⚠️ Warning
This repository and some of its requirements are under active development, so bugs and breaking changes are expected.
Abstract: A fundamental aspect for building intelligent autonomous robots that can assist humans in their daily lives is the construction of rich environmental representations. While advances in semantic scene representations have enriched robotic scene understanding, current approaches lack a connection between the spatial features and dynamic event interactions. In this work, we introduce event-grounding graph (EGG), a framework grounding event interactions to spatial features of a scene. This representation allows robots to perceive, reason, and respond to complex spatio-temporal queries. Experiments using real robotic data demonstrate EGG’s capability to re- trieve relevant information and respond accurately to human inquiries concerning the environment
Authors: Anonymous
The prompts that are used for Generative AI are available here
We tested EGG on a laptop with an RTX 3070 GPU Mobile.

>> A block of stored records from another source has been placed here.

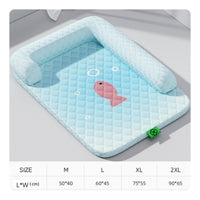 Dog Cooling Mat with Pillow Washable Cooling Dog Bed Non-Slip Bottom for Dogs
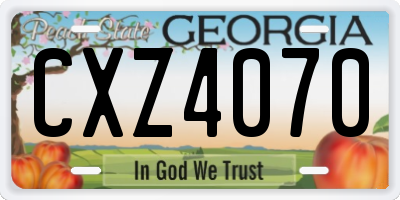 GA license plate CXZ4070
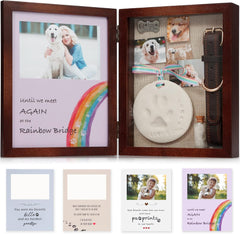 Front view of JupDec brown pet memorial shadow box with photo and paw print kit 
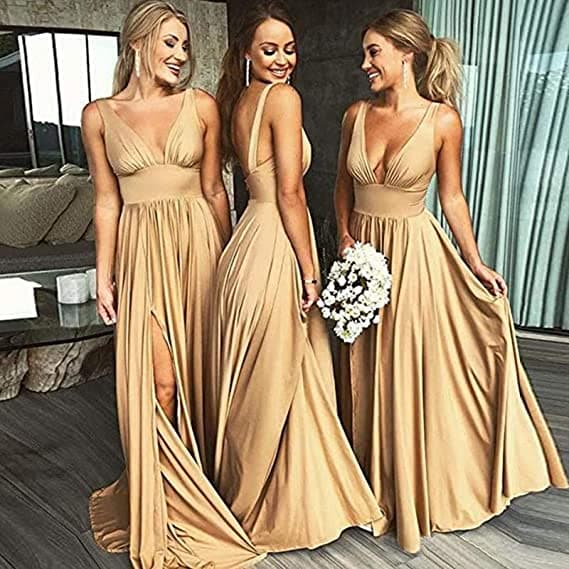 Vestido de dama de honor sexy con abertura VMB11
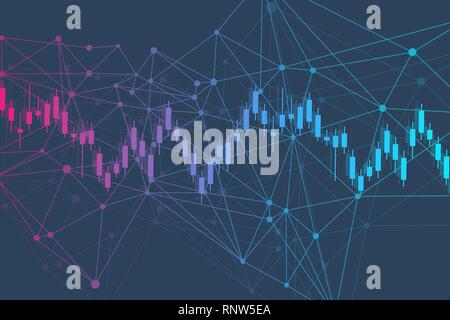 Mercato azionario o forex trading grafico. Grafico nel mercato finanziario illustrazione vettoriale Abstract background finanziario Illustrazione Vettoriale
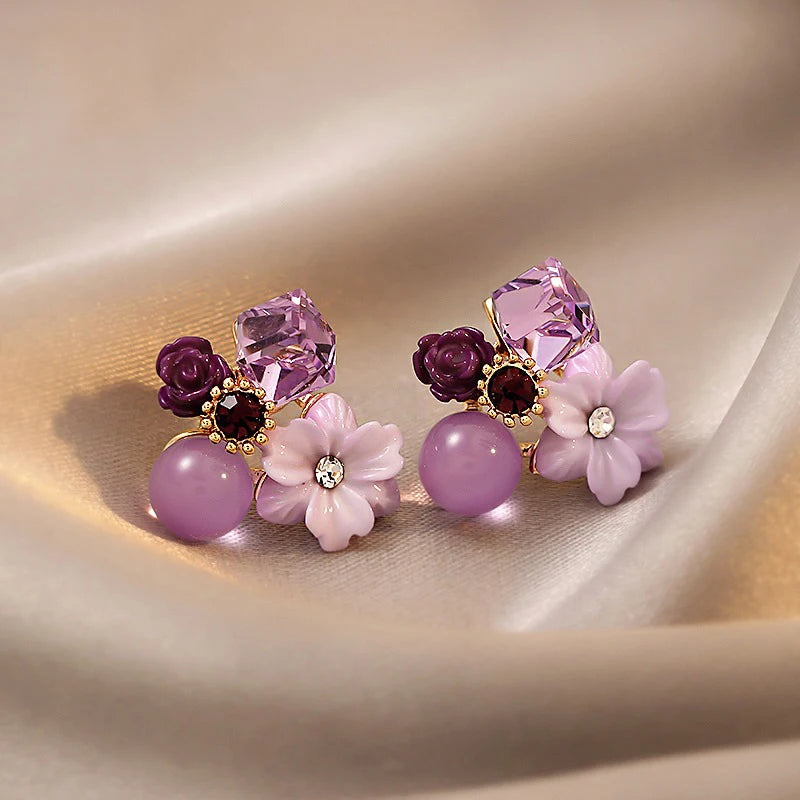 Purple Crystal Flower Stud Earrings for Women Jewelry Set Bridal Party Gift
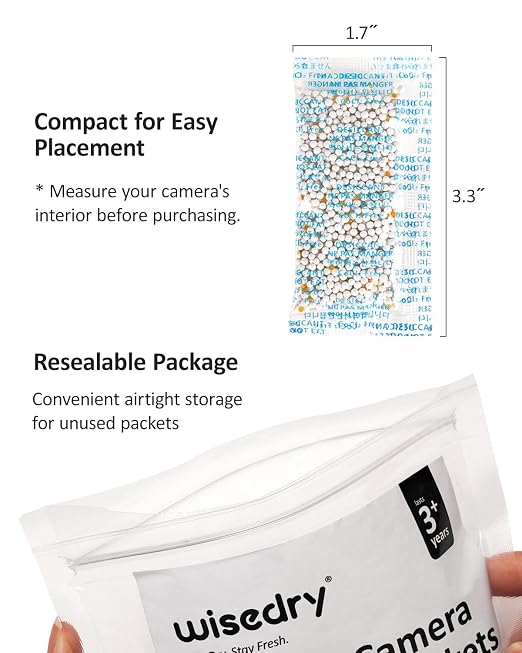 10 Grams [20 Packets] Premium Camera Desiccant Packets with Color Indicating Beads, 70% High Moisture, alternate view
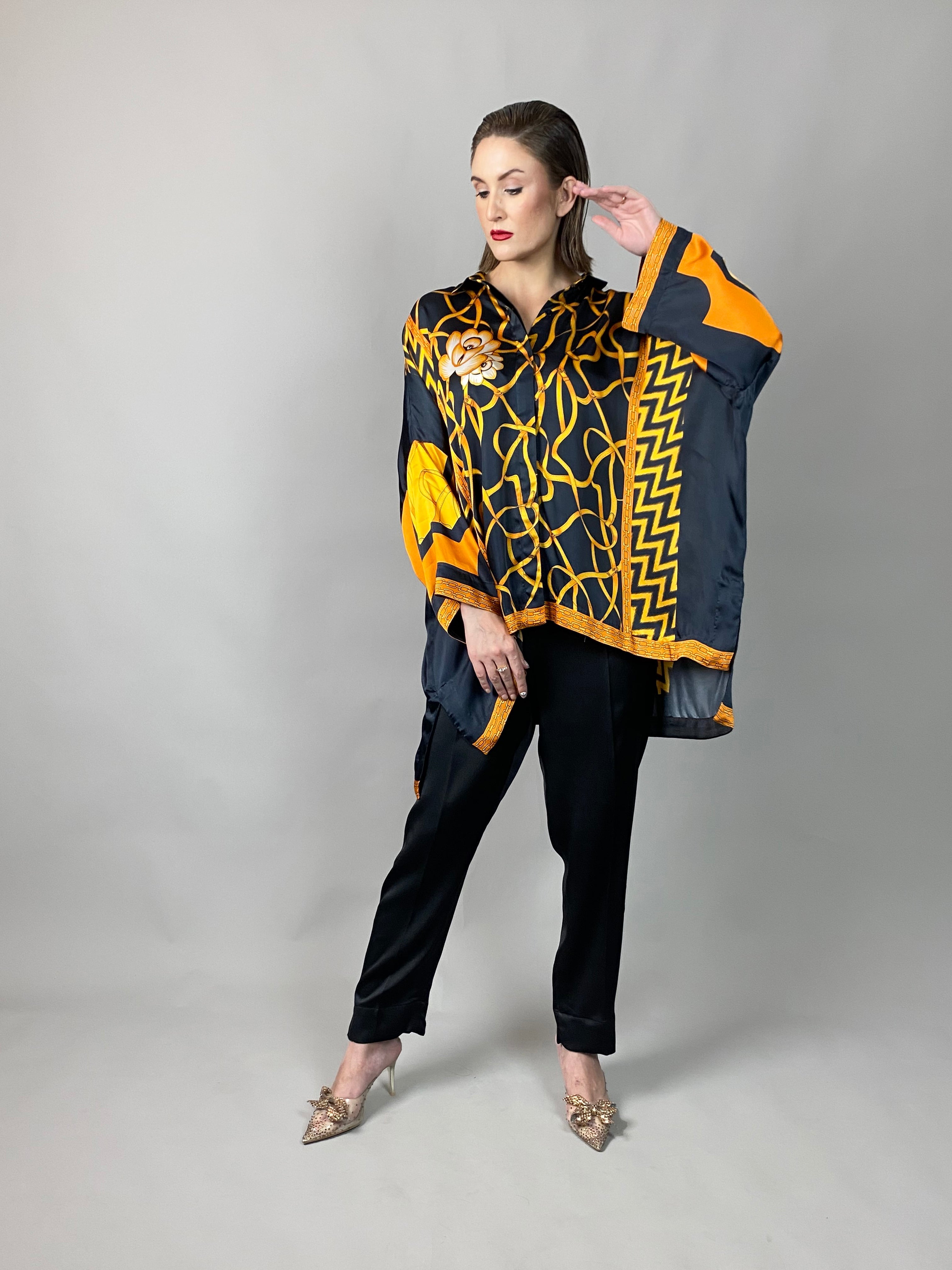 Maheem Khan - Rose Black Scarf Baggy Shirt - BLACK GOLD - Blended Silk - 1 Piece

🐳 We highly recommend using Docker for deploying EGG. We provide pre-built Dockerfiles here (https://github.com/aalto-intelligent-robotics/EGG-docker)
If you do not want to use Docker for some reason, EGG was tested on Ubuntu 20.04 with ROS Noetic installed. Follow the instructions here if you do not yet have it on your system. The other requirements are:
- VideoRefer (if you want to automatically generate video captions, otherwise you can use the provided ground truth data)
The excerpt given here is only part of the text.